I just want to mention that the purpose of the background questions is to maintain authenticity for the report (absolutely none of this information will be disclosed to those that should not be seeing it). 

Although it's a bit tougher to obtain, and contrary to anonymous surveys, this survey needs a touch of individuality to reflect on a real experience(s). If you are comfortable, you can PM me the background info. so that that kind of valuable private information isn't in the eye of the public (this applies to anyone else who wishes to help and partake in the survey). Thank you once again for your response.


----------



## steel (Dec 22, 2021)

Shalifon said:


> I see. Thank you very much for responding and for your feedback.
> I just want to mention that the purpose of the background questions is to maintain authenticity for the report (absolutely none of this information will be disclosed to those that should not be seeing it).


Just because you say this doesn't make it true.

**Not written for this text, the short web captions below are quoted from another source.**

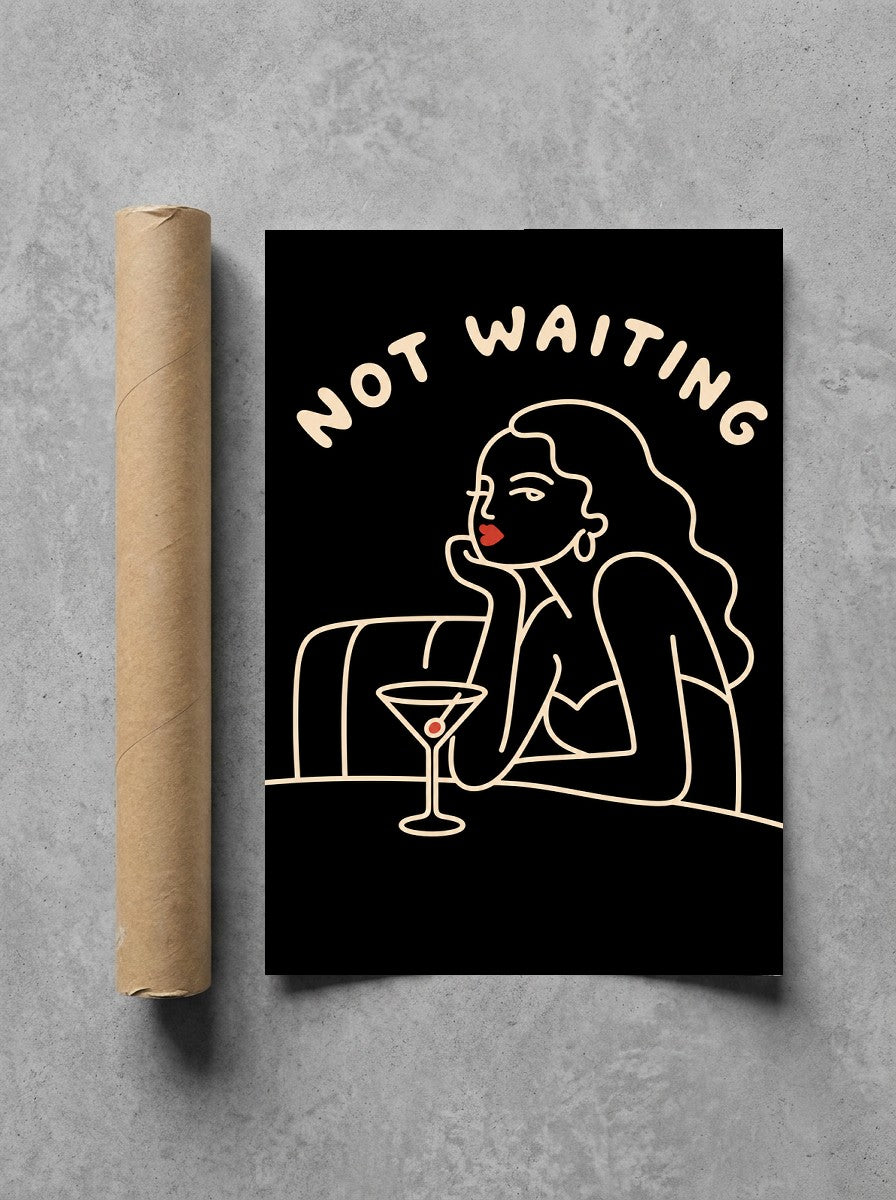 Not Waiting rolled in a Drunk Dame shipping tube, ready to ship.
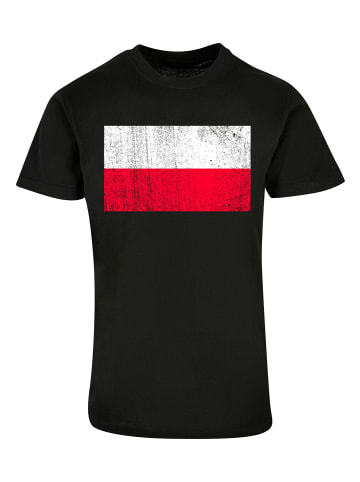 F4NT4STIC T-Shirt Polen Flagge Poland distressed in schwarz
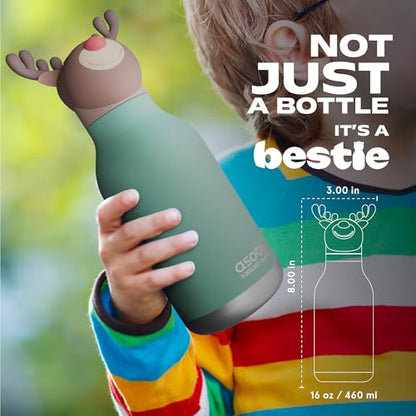 asobu Bestie Bottle Insulated Stainless Steel Water Bottle with Detachable Soft Animal Head Fun Drinking For Kids and Teens with Flexible Reusable Straw 16 Ounce (Reindeer) - color: REINDEER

I'd honestly wager that it's unprofessional to ask for someone's name, employer, and specifically their company email address. 

You don't need that info to make their answers to the other questions any less authentic. The fact that they're giving you those answers is what makes it authentic, not giving you the ability to spam their company.


----------



## steel (Dec 27, 2021)

As for your other questions, I’ll help you out.

1) Structural engineering, where I design structures for oil and natural gas clients, such as equipment foundations, pre-engineered metal building foundations, and building design for light industrial structures.
2) Structural Engineer I
3) See answer 1.
4) Typical 40-hour week. Flexible hours at my company allow us to start anytime before 9 am and end anytime after 3 P.m. I usually opt for a 7:30-4 schedule with a half hour lunch break.
5) My high school is irrelevant. Bachelor of Science in Civil Engineering (2015).
6) I would have taken my graduate school education afterwards more seriously. Perhaps only 2 courses instead of 3 the first (and only) semester. Left after that to get a full time position.
7) I would advise you to get your general engineering and math/science courses done as quickly as you can. Think Calculus 1, 2, 3, Physics 1, 2, etc. Most upper-division (junior and senior) engineering courses are only offered once a year, so it limits when you can take them, and you’d even more limited if you can’t take one when it’s offered because you don’t have the prerequisite.


----------